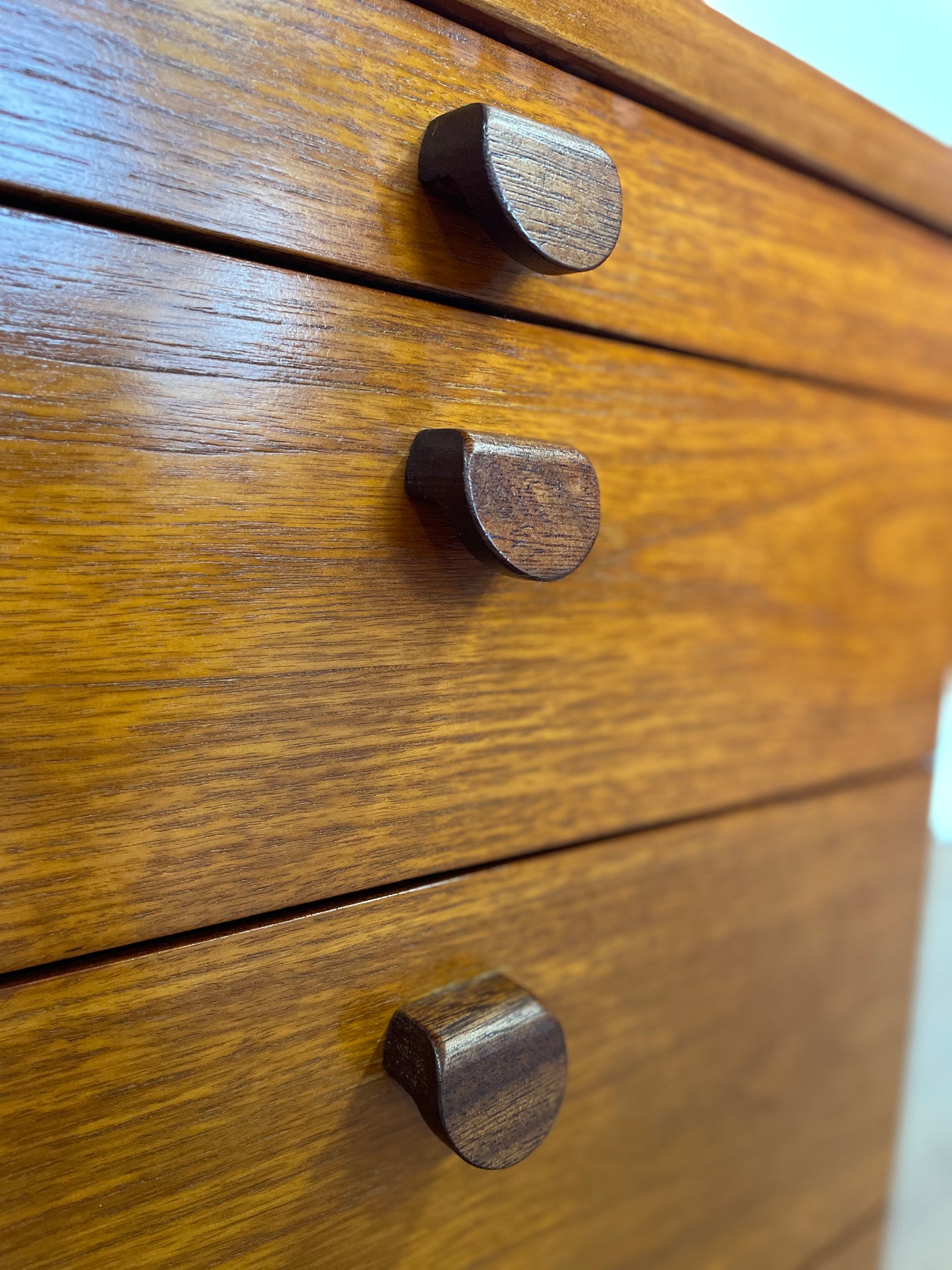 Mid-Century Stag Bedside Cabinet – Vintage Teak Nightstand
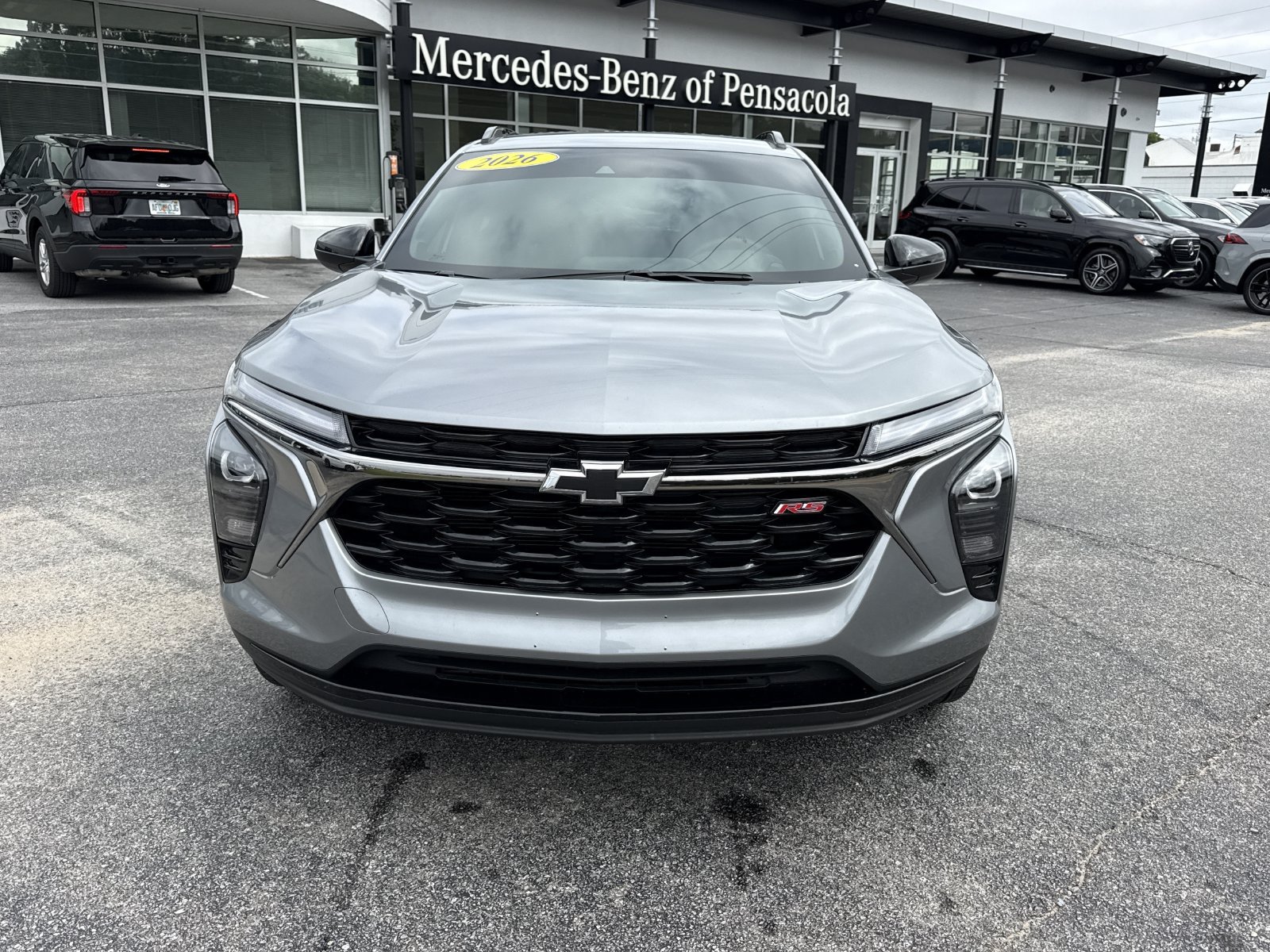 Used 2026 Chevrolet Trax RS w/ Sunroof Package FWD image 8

┄┄┄┄┄┄┄┄┄┄

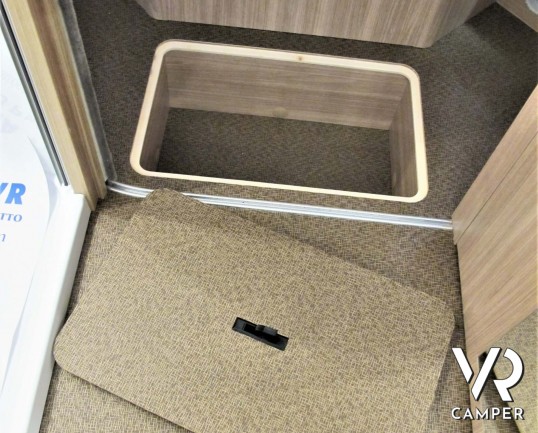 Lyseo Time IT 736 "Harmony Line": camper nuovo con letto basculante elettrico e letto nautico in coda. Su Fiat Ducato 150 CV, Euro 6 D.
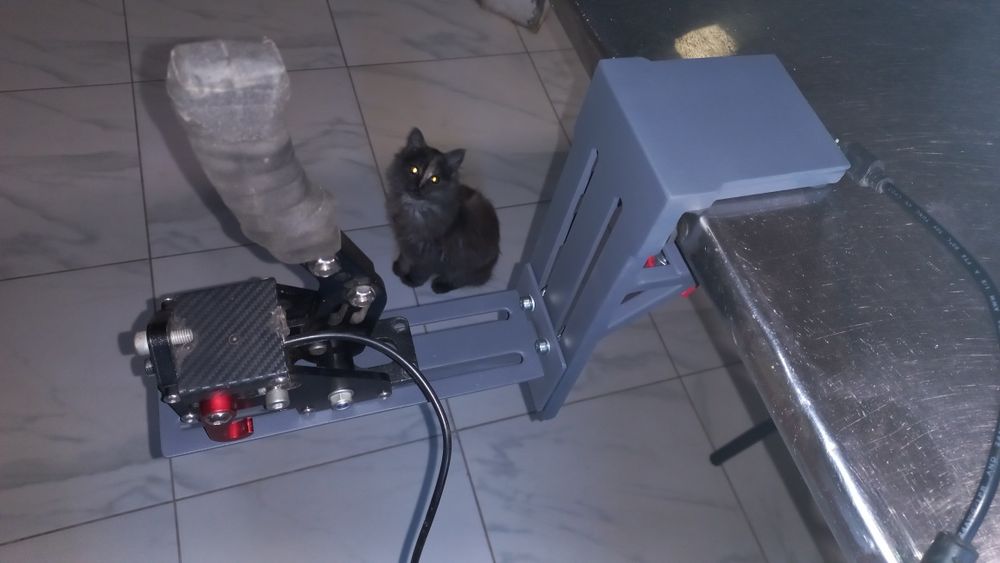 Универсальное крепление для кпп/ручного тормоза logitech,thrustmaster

┄┄┄┄┄┄┄┄┄┄

→ **TASK INSTRUCTIONS**
Look above for the line with "Mid-Century Stag Bedside" and the line with "Used 2026 Chevrolet"; set down those two lines and all lines between them exactly, without pictures and without anything else.

→ **RESULT OF THIS EXERCISE**
 Mid-Century Stag Bedside Cabinet – Vintage Teak Nightstand
 Used 2026 Chevrolet Trax RS w/ Sunroof Package FWD image 8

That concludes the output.